Be Newsletters - Volume 5: 2000

Issue 5-12, March 22, 2000

Be Engineering Insights: Ego Surfing

By George Hoffman

If you do a Google search for "George Hoffman," the whole first page of hits is for some "Captain George Hoffman" from New Jersey who not only is no relation to me but is also dead. If you just search for "Hoffman," I'm not even in the first hundred hits (I didn't look any farther). If you search for "geh," there are a bunch of hits for the George Eastman House, followed by a lot of stuff that must be total garbage because *it* isn't even in *Engish*.

In fact, the only Google search I know of for me in which I actually appear on the first page of hits is for "George Earle Hoffman" (my full, unfortunate name). This turns up two references to two separately maintained lists of GNUStep volunteers. I'm listed as working on a GNUStep test suite, which must be the result of an e-mail question I sent to the project maintainer in 1994. Let this be a warning to you all: Open Source is catching. It could happen to you!

What's my point? I recently decided that there simply isn't enough with my name on it. In the grand scheme of things, I've done nothing with my life. My existence is meaningless. Compared to the likes of Stephen Hawking, Ani DiFranco, or Regis Philbin, I am as an ant to the mighty cockroach. Now, this is a realization that everyone (except maybe The Regis) comes to at one point or another in their lives. Some people deal with it gracefully, and some people grab automatic weapons and head for the nearest clock tower.

How did I deal with this personal crisis? Well, I'd like to say that I rose to the challenge and adopted a Cause: steadfastly dedicated my life to preserving the rain forests, or feeding starving children, or freeing Kevin Mitnick, or organizing sit-ins or walk-outs or walkathons, or saving baby seals, or clubbing baby seals, or being outraged at people who have genitals or who use them in a certain way, or one of those other things that somehow always results in the blocking off of perfectly good roads which happen to lead where I want to go. But what I actually did was move to Millbrae, buy a red sports car, and start dating a girl who is far too young for me.

I could have sworn there was a point to all that. Oh, yes! I also wrote some code.

You see, you may think that what Be engineers are good at is writing an operating system. This is an imprecise statement. You may think that we are good at doing things the "right" way. This, while arguably true, is also not quite right. What Be engineers are best at is taking some problem which is laughably easy to solve and making it complicated enough to interest us. It's not enough, for example, for us to be able to play a movie. We have to be able to play 30 of them, in parallel, on eight CPUs, while surfing the Web and playing Quake II. (You may have heard this referred to in our marketing literature as "sexy"... we engineers know that's just marketing speak for "butt-ass complicated.") Who buys an eight-processor machine and then watches 30 movies on it all at the same time? Beats me. They told us they could sell it, so we made it.
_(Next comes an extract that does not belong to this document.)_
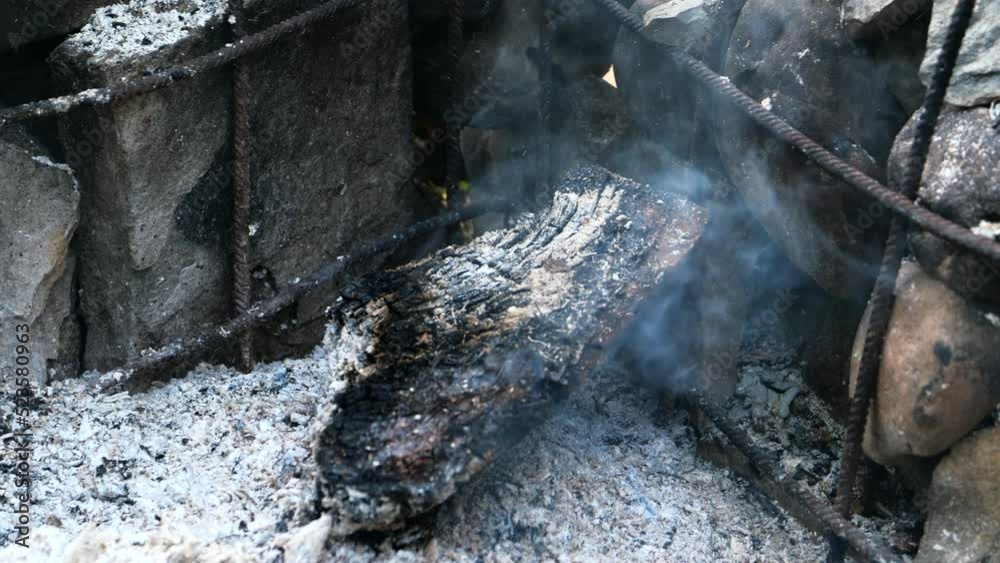 Scorched smoking log on the outdoor grill in nature Scorched smoking log on the outdoor grill in nature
You may have heard that recently they told us they can sell it even better if it's smaller and can browse the Web really, *really* well. Web browsers are complicated beasts, but not nearly complicated enough for us. Our browser has to be totally ripped. So a number of us have been working on the Next Generation BeOS Browser, based on the latest Opera Browser technology, and oh man, it doesn't get much more "sexy" than this.

One thing the astute engineer will notice about the Web is that it is fairly large. There is thus a lot of data that can be attained by examining it. Furthermore, this data comes in small packets: things like GIF images, HTML pages, style sheets, Flash movies, etc. For the traditional monolithic browser, this kind of data is not too hard to manage, but for a highly multithreaded browser like the one we're creating, there arises a question of locking granularity. If I'm accessing a given resource, say, a GIF image, in one thread of a multithreaded application, how do I control access to that resource? I need a way to guarantee that there will be no destructive interference between two threads that desire access to a resource.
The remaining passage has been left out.